So at the end of the day, instead of the feed stock pool being 9.5 billion, 10 billion pounds, we see it going from 12 billion to 14 billion. So it's even all that more important for us to have made that investment not only to have a home for quality feed stock we make but for the pressure these new fats are going to bring into the animal feed markets.
Ken Zaslow - Analyst
Okay. Appreciate it.
In terms of the JV, so our run rate basis it sounds like roughly about $0.40 to $0.45 of current accretion if it was running at this current level, the $0.11 just annualized. I guess my question to this is over the last year, you guys have used a much lower number for a look back at the last ten years. Do you think that this new -- this run rate is a new run rate that you guys can start saying this is more sustainable? Do you think it goes back to the historical level? Does it go up from here? Can you give a little color? Because -- well, I won't tell you my view. But you till us what you think.
Randy Stuewe - Chairman, CEO
School's almost over here, Ken.
The reality for what I look at here is -- when we did our pro forma projections and looked back, I mean there was a lot of consternation and analysis and, to a degree, argument on what is that green premium that's out there, the value of the RIN. What's the value of the RIN with the tax credit, without the tax credit? So you're finally starting to get what we see with that tax credit gone more of a clear look of what the value of this product's going to be.
For us as we look at it, when we snapshot it, there's a lot of assumptions there. Will the plant run like we think it will? What will the price of natural gas/hydrogen be? Do we have the operating costs right?So there's still risks for us and I don't want to put a linear piece on it.
And what's petroleum going to do? The reality is we look at this thing as I think it does have a pretty good story underneath it going forward for us, what's that that's going to be as we said is it's going to be an offset for our base business, whether you know we saw -- you know, you can go back and look at what wasn't built in some of our pro formas was the 1.7 multiplier on the RIN values, will that hold? What's going to happen in BC, is RFS 2 going to go to 1.28 billion, it's unpublished. As you saw when it came out in August, comments are due. RFS 2 is supposed to have the quantity for biomass based diesel published in November. We're still waiting on the 2-13 numbers. If that goes to 1.28 billion gallons like the industry would like to see it that's going to have an impact.
So $108 oil, 1.28 billion gallons, more corn oil coming on, you know, I think it's a margin structure that is probably going to be just as volatile but at the end of the day provides a new alternative for an offset to our base business.
Ken Zaslow - Analyst
And the last question is, again, trying to stay in the schooling situation, is if I fast forward a year from now and you look at your exact quarter, say everything stayed exactly the same as next year, how much higher would your numbers be based on CapEx projects like that? And CapEx operating efficiencies, anything like that, how would you take this $0.25 number in exactly the same situation, what would it be a year from now, given what you're doing?
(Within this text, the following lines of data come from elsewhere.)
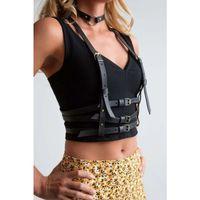 3 Sıralı Gömlek Ve T-shirt Üzeri Şık Deri Kemer Ve Choker - Brf615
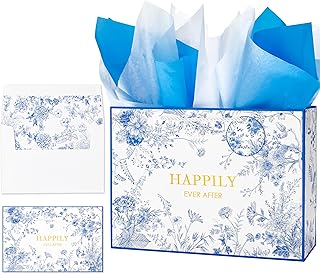 Large 13-inch Wedding Gift Bag with Card and Tissue
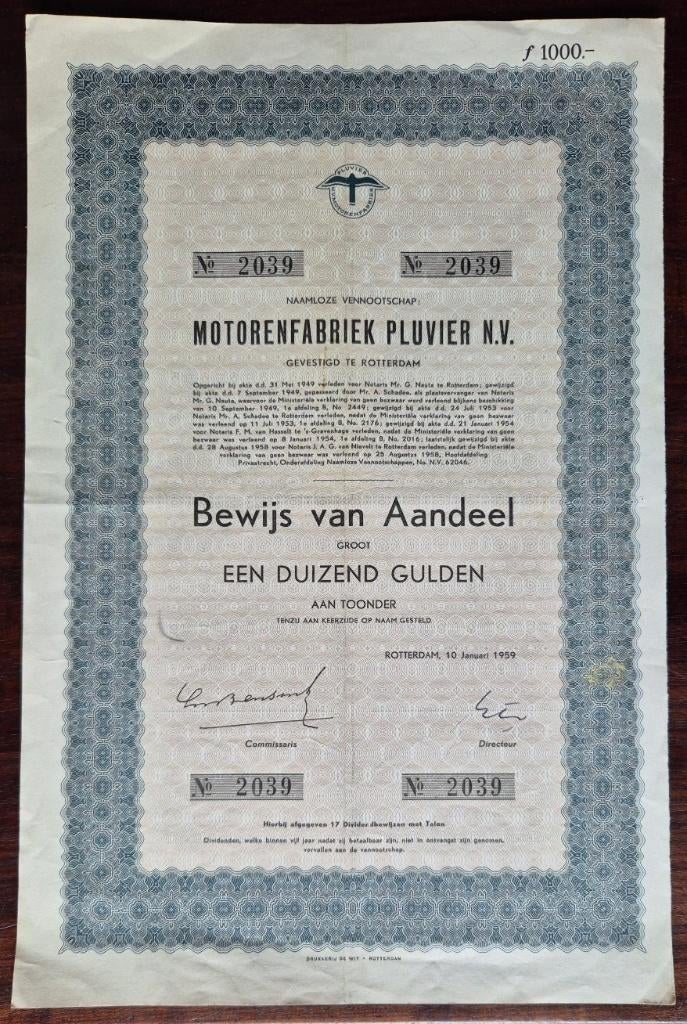 Motorenfabriek Pluvier aandeel 1959 Rotterdam, Ophalen, Gebruikt, Overige typen, Pluvier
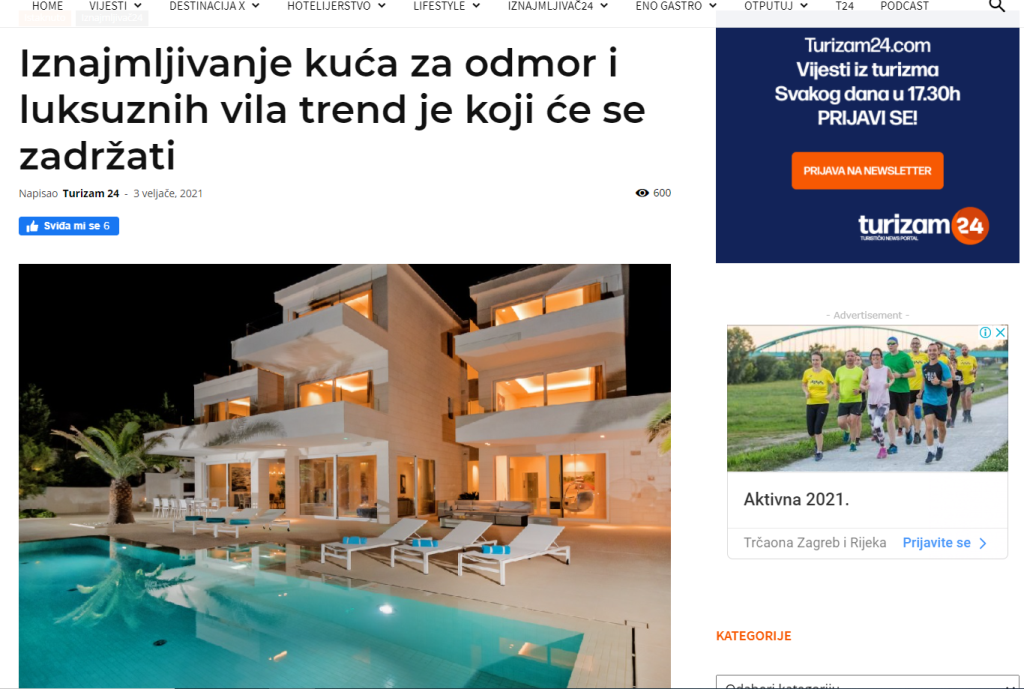 Iznajmljivanje kuća za odmor i luksuznih vila trend je koji će se zadržati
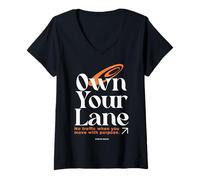 Mujer Own Your Lane - Urban Typography Streetwear Camiseta Cuello V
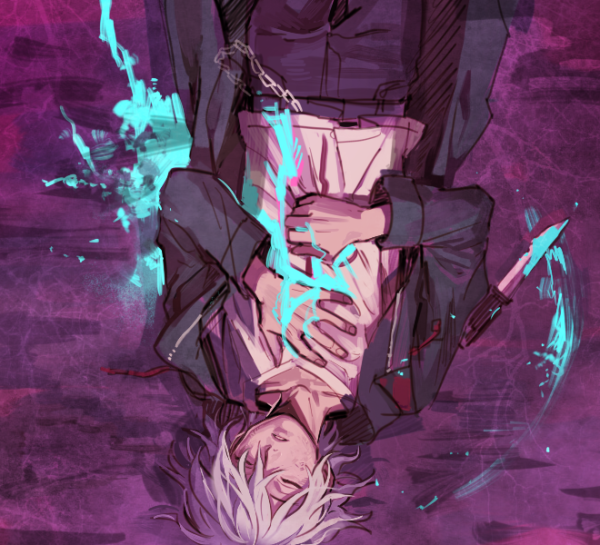 1boy bleeding blood blood_on_clothes blood_on_hands blood_splatter blue_blood closed_eyes commentary_request danganronpa_(series) danganronpa_2:_goodbye_despair dg_xhs green_jacket grey_hair hair_between_eyes hands_on_own_chest jacket knife komaeda_nagito korean_commentary long_sleeves lying male_focus messy_hair on_back open_clothes open_jacket pink_background shirt short_hair solo unconscious upside-down white_shirt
John Muse - EVP, Finance Administration
Well, we -- in the script, we said in the fourth quarter --
Ken Zaslow - Analyst
Not with the JV. Not the JV. Just the core.
Randy Stuewe - Chairman, CEO
Just the base business, John.
Ken Zaslow - Analyst
What are you guys doing? Would the $0.25 be exactly $0.25, would it be higher or lower. How do you think of that if we fast forward exactly one year?
Randy Stuewe - Chairman, CEO
Pretty consistent, I think. I don't know if I would think of it any different, Ken.
John Muse - EVP, Finance Administration
Yes. There was a few things that flowed through that impacted and projecting without having the effective tax rate going up and the depreciation going up because of the unusual amount we would have been in the $0.29 to $0.30 range.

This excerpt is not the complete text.